Un revers pour le président tunisien, deux semaines après un référendum marqué par près de 70 % d’abstention. Selon des sources judiciaires à l’AFP, la justice tunisienne a suspendu mercredi 10 août la révocation d’une cinquantaine de magistrats qui avait été décidée par le président Kaïs Saïed, début juin. La mesure présidentielle avait été qualifiée d'”attaque à l’État de droit” par plusieurs ONG.
Le chef de l’État avait révoqué 57 magistrats le 1er juin par décret présidentiel, les accusant de corruption et d’entrave à plusieurs enquêtes, un an après s’être arrogé l’ensemble des pouvoirs. Cinquante-trois juges, dont certains étaient accusés d'”adultère”, avaient déposé des recours devant le tribunal administratif.
La suspension des révocations pour un nombre non précisé de juges a été annoncée à la presse par le porte-parole du tribunal administratif Imed Ghabri.
Une révocation qui avait entraîné un mois de grève des magistrats
L’avocat Kamel Ben Messoud, du comité de défense des magistrats révoqués, a indiqué que la suspension concerne “environ 50 juges” qui pourront selon lui reprendre leur fonction dès l’obtention d’une copie du verdict.
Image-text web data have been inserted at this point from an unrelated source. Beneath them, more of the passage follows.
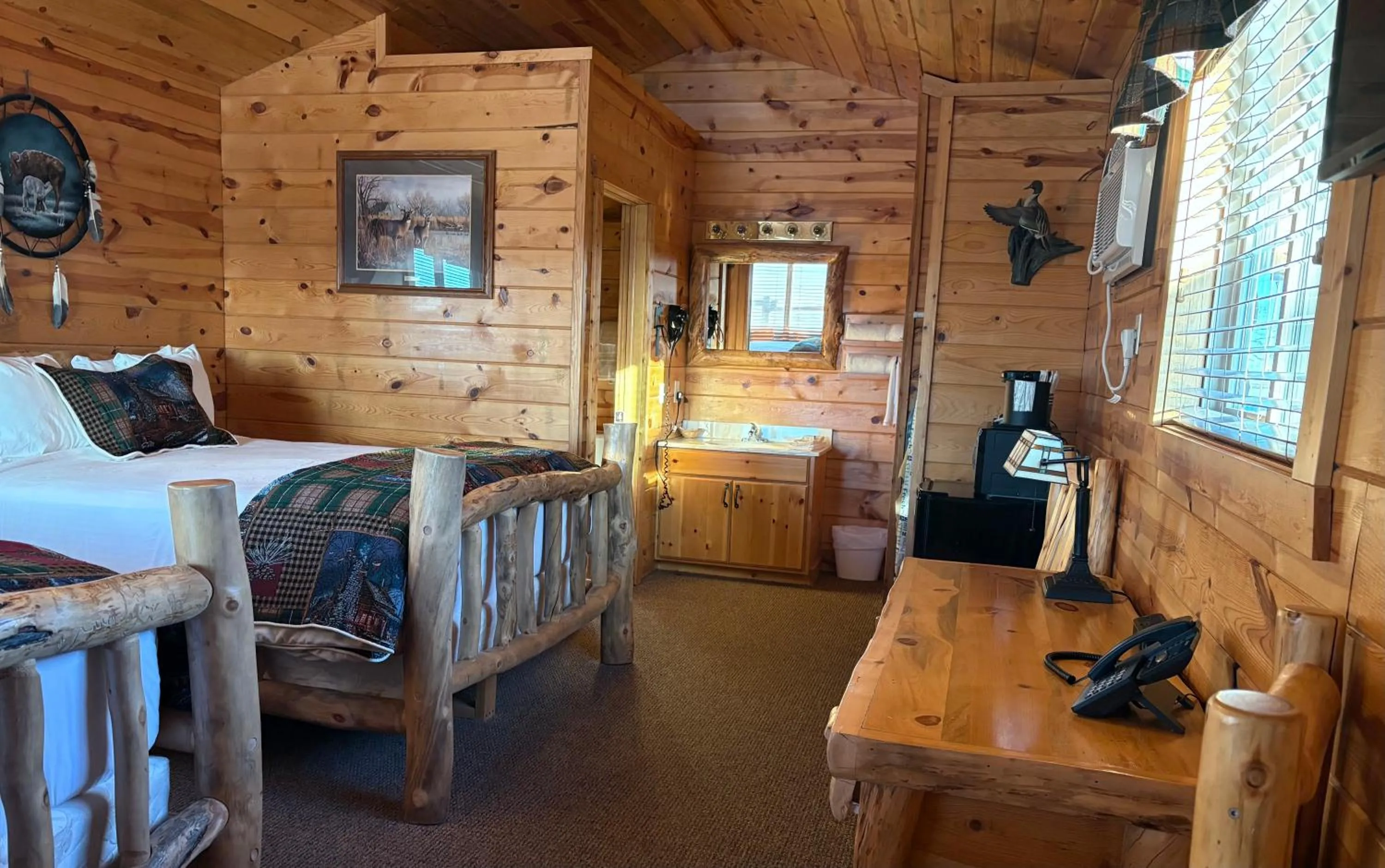 Bed in Badlands Frontier Cabins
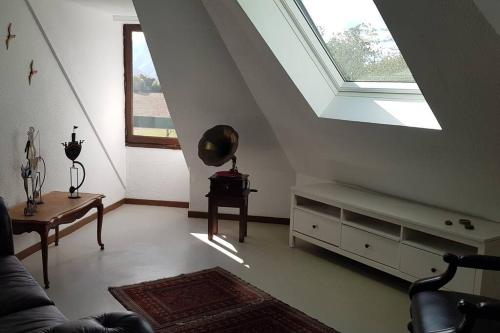 a living room with a window and a couch at Grand appartement 4/5 personnes in Bartrés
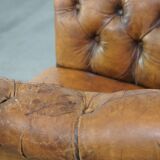 Fauteuil chesterfield sur roulettes en cuir de mouton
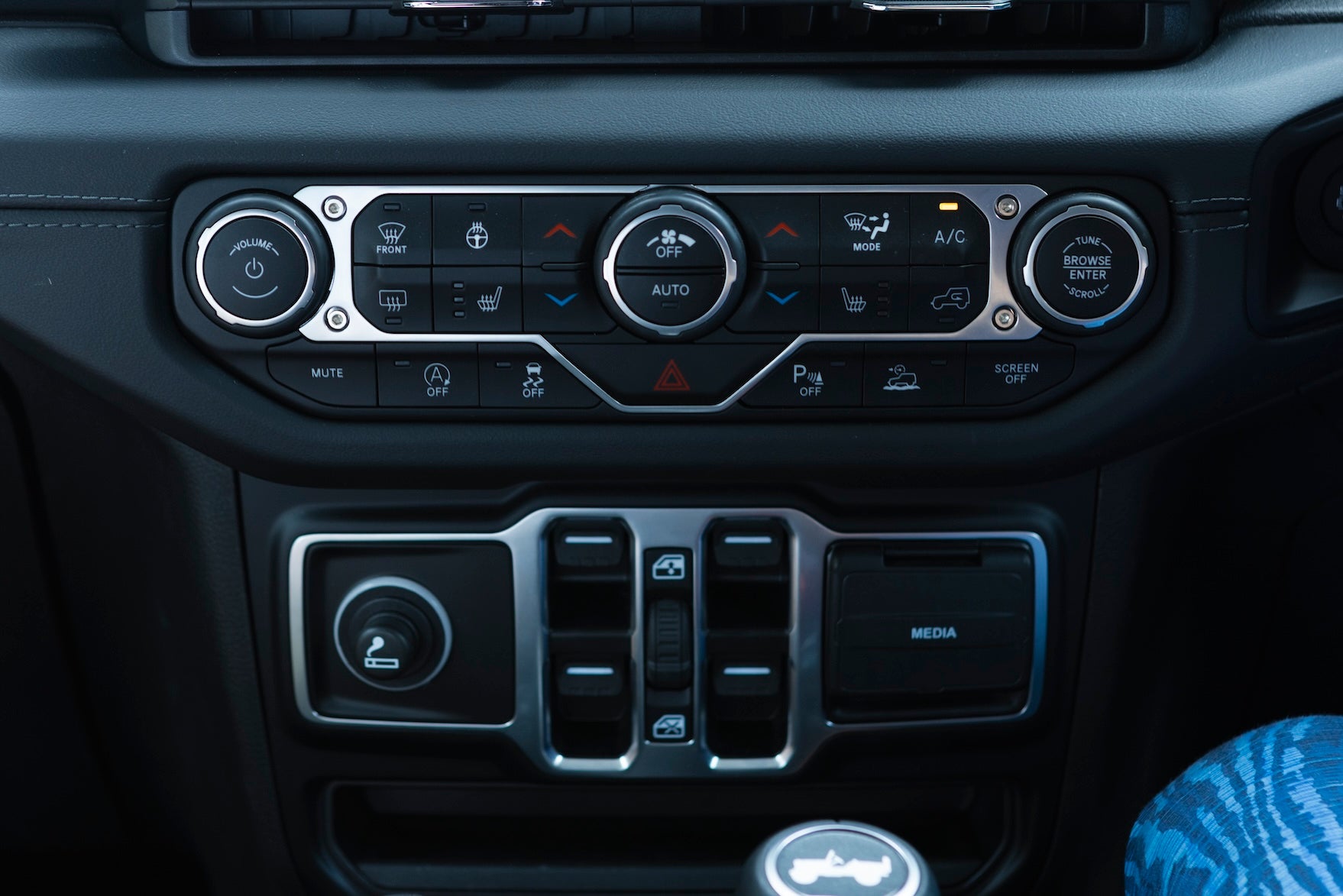 The power window switches, which are usually located on the doors, are in the center of the Wrangler, so you don't have to worry about your elbow hitting them and causing a nasty bang.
Les autres magistrats, qui font l’objet de poursuites pénales, n’ont pas bénéficié de la décision de suspension, a ajouté Me Ben Messoud à des médias locaux.
Le tribunal administratif a indiqué à l’AFP qu’il publierait sa décision dans la journée de mercredi, sans donner plus de précisions.
La révocation de ces magistrats avait été dénoncée par plusieurs ONG, dont Human Rights Watch (HRW) et Amnesty International, comme une “attaque directe contre l’État de droit” et avait entraîné plus d’un mois de grève de magistrats, très suivie.
Depuis le 25 juillet 2021, assurant agir dans l’intérêt du pays qu’il jugeait ingouvernable, Kaïs Saïed concentre tous les pouvoirs, faisant craindre une dérive autocratique dans le berceau du Printemps arabe.
Il a dissous en février le Conseil supérieur de la magistrature, remplacé par un CSM provisoire dont il a nommé les membres, avant de renforcer début juin par décret sa tutelle sur le système judiciaire en rendant possible la révocation sans appel des magistrats.